Curiosamente, en 1585 - es decir, un cuarto de siglo antes de la escritura y estreno de La tempestad (1611)-, en su Comedia del recibimiento, Bartolomé Cairasco de Figueroa había pergeñado una protesta semejante por parte de una suerte de Calibán aborigen, inspirado en la figura de -"el fuerte bárbaro"- Doramas, otorgándole el honor de recibir al obispo Rueda. Es el que da nombre a la mítica selva cantada por el propio Cairasco, pero su gesto es doblemente osado, en este caso, pues, al reto del contenido de sus palabras en el recibimiento, se añade el hecho de que Doramas era el protomártir aborigen decapitado por el conquistador Pedro de Vera y expuesta su cabeza en una pica para la pública contemplación de su escarnio. En la pieza teatral de Cairasco, el Calibán de las Afortunadas se dirige de este modo al recién llegado obispo, al cabo un heraldo del futuro Próspero: "Y a nadie espante que la lengua ruda / de un bárbaro canario a tal se atreva / y, de estilo y retórica desnuda, / presumo entrar en tan difícil prueba: / que Aquel que desató mi lengua muda / y me sacó de la profunda cueva, / me dio poder de mejorar lenguaje, / aunque me lo quitó de mudar traje". Es decir, como en la futura trama de Shakespeare -y, en este sentido, como en el expolio denunciado por Fernández Retamar-, Próspero ha hecho prosperar, ciertamente, en símbolos a Calibán, pero a cambio de robarle su primigenia identidad.

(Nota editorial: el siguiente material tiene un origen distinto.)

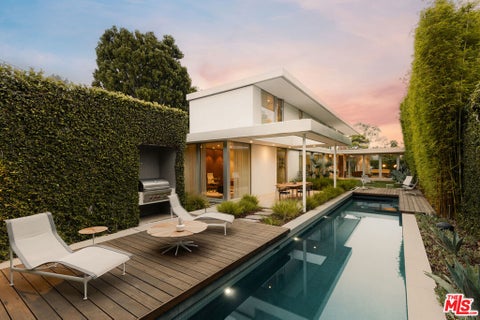 Photo of 527 7th Street, Santa Monica, CA 90402 (MLS # 26852273)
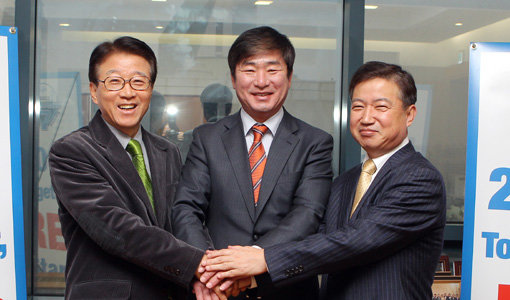 삼성 류중일 감독(가운데)이 9일 서울 삼성 라이온즈 사무실에서 역대 프로스포츠 감독 최초로 연봉 5억 시대를 여는 3년 계약을 한 뒤 김인 사장(왼쪽), 송삼봉 단장과 환하게 웃고 있다. 사진제공|스포츠코리아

Sin embargo, con el devenir histórico, los rostros de Calibán son variados y polimórficos, y cada vez más inseparables, en la plasticidad de sus acciones, del imaginario de Próspero. Calibán quiere salir de su jaula y emular a Próspero, y Próspero quiere entrar en la jaula de Calibán y sentirse, como él, un buen salvaje. Kafka lo detectó a la perfección proclamando el ubicuo "deseo de ser piel roja". Es lo que cabe inferir en La isla que se repite (1998) de Antonio Benítez Rojo, donde el afán "carnavalero" que, a su juicio, preside el ánimo de los insulares atlántico-caribeños, hace que no sepamos muy bien donde acaba el Próspero mimetizado con la isla y empieza el Calibán políticamente correcto... El poemario El gran zoo de su paisano Nicolás Guillén, y en particular el emblemático poema Los ríos, le sirve de reflexión para detectar la profunda "circularidad y ambivalencia" que poseen Calibán y Próspero, como dos nudos complementarios de un mismo circuito. "He aquí la jaula de las culebras", escribirá crípticamente Guillén, al inicio de su poema, para no avanzar un ápice, pues circular e infinitamente (no por nada, García Cabrera habló de las islas como imparables "tiovivos"), ríos y serpientes duermen primero "enroscados en si mismos", luego despiertan, y "se desenroscan lentamente, / engullen todo, se hinchan, a poco más revientan / y vuelven a quedar dormidos". Benítez Rojo lo interpreta como el deseo de Guillén por conjurar la violencia, proveniente de las antiguas Plantaciones-esclavistas (que fueron las islas primigenias del Caribe, según el autor), y sus serpientes-ríos "no admiten la síntesis derivada de la dialéctica binaria [propia del logos occidental] sino una paradoja sin solución, donde los ríos-culebras son circulares y rectos, no circulares o rectos; esto es, música".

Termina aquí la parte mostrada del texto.